§ EXERCISE OBJECTIVE
I need the lines from the one holding "Produktbild: Un manuale" to the last line of the data below repeated exactly, both included, without pictures.

§ Brief descriptive captions
+ + + +
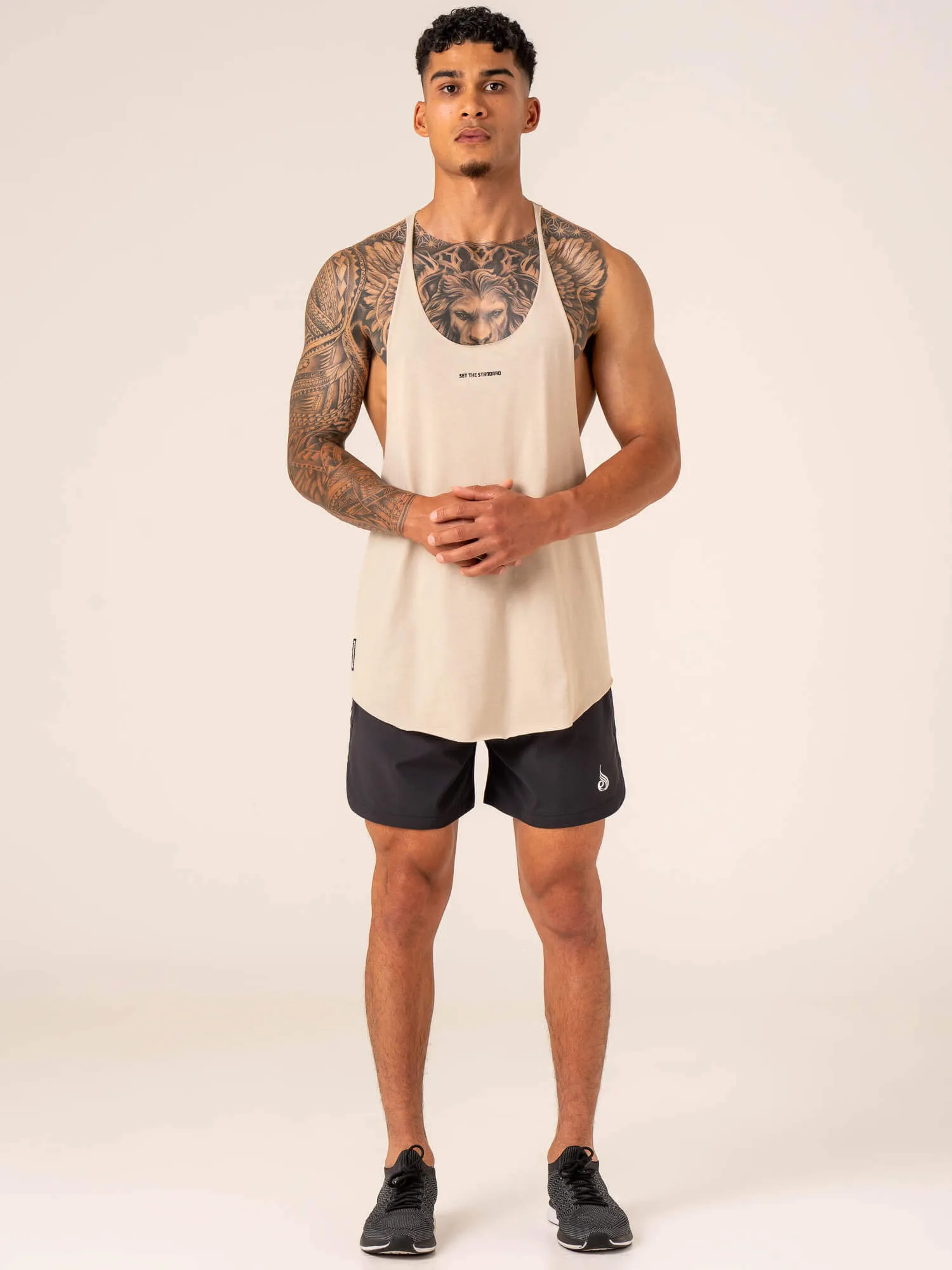 Emerge Arnie T-Back - Sand trendy element
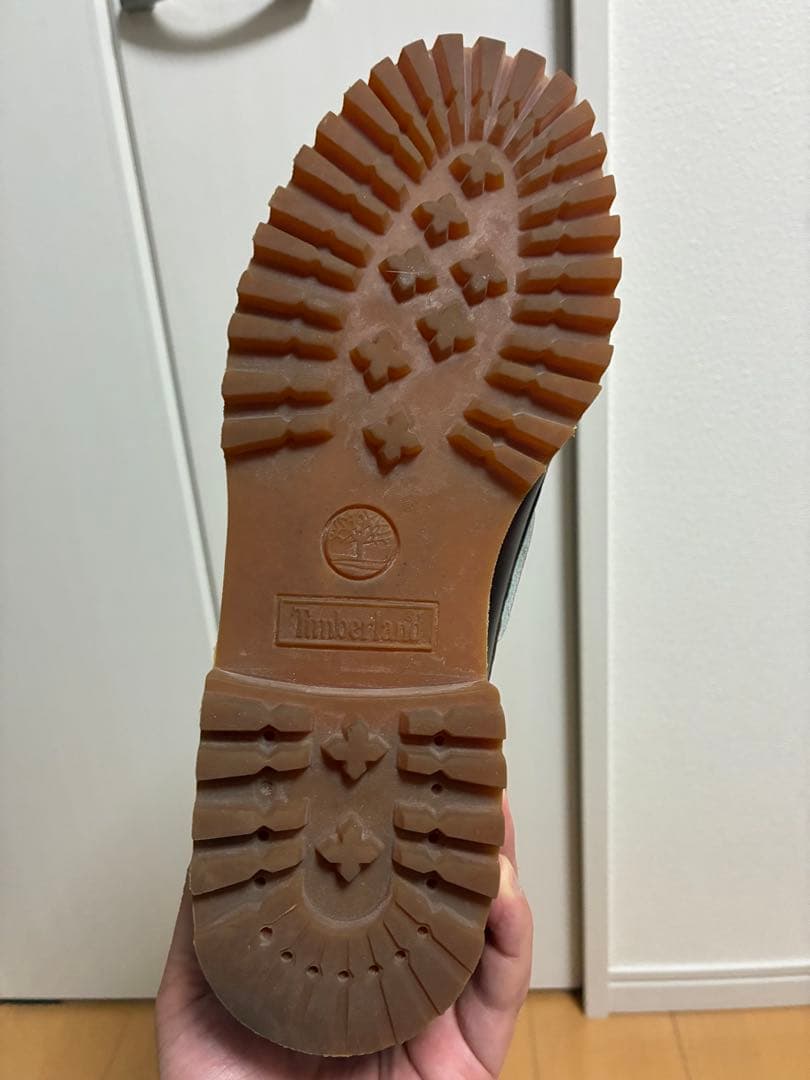靴 TIMBERLAND HS3EYE LUG 50009-648 BURGUNDY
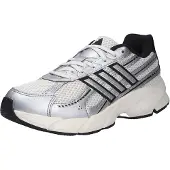 Adidas Låg sneaker 'Technochaos 2000' svart / silver / vit
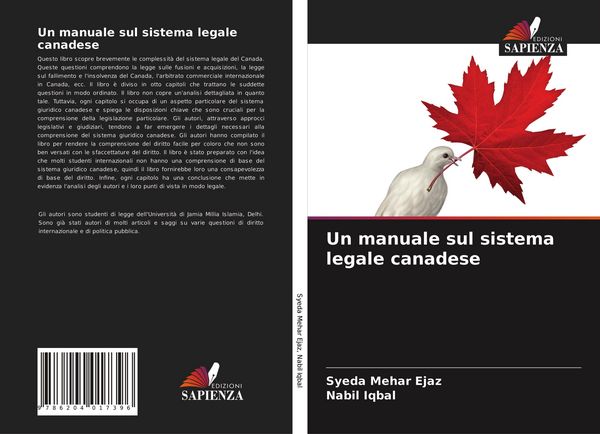 Produktbild: Un manuale sul sistema legale canadese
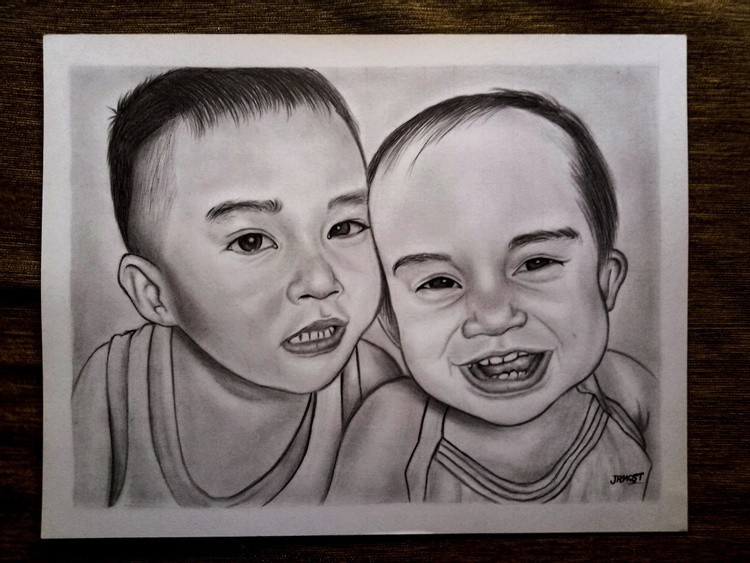 Commissioned Portrait #4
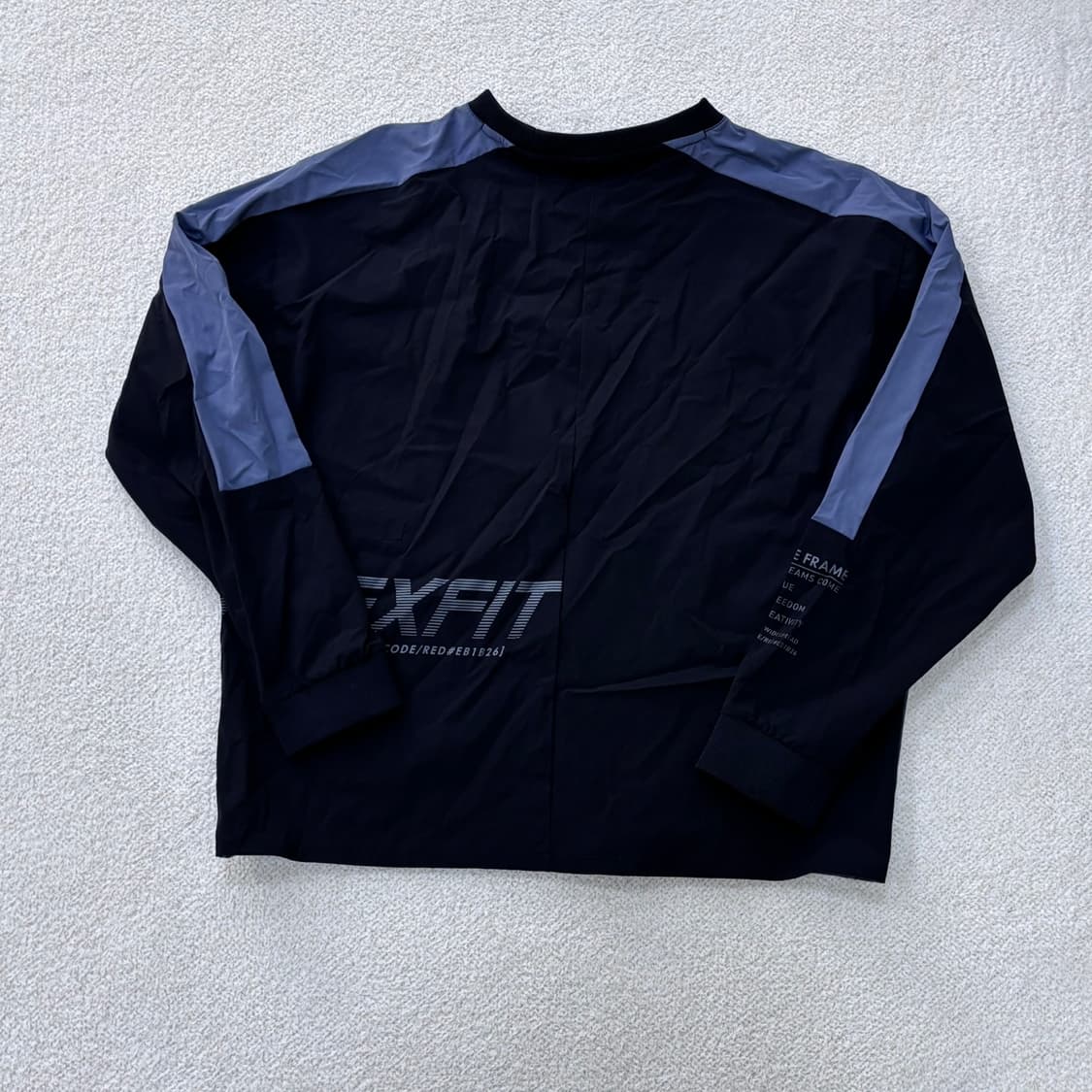 95 인터크루 풀오버 맨투맨 티셔츠 0310E 상품이미지2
+ + + +
§ FINISHED EXERCISE
 Produktbild: Un manuale sul sistema legale canadese
 Commissioned Portrait #4
 95 인터크루 풀오버 맨투맨 티셔츠 0310E 상품이미지2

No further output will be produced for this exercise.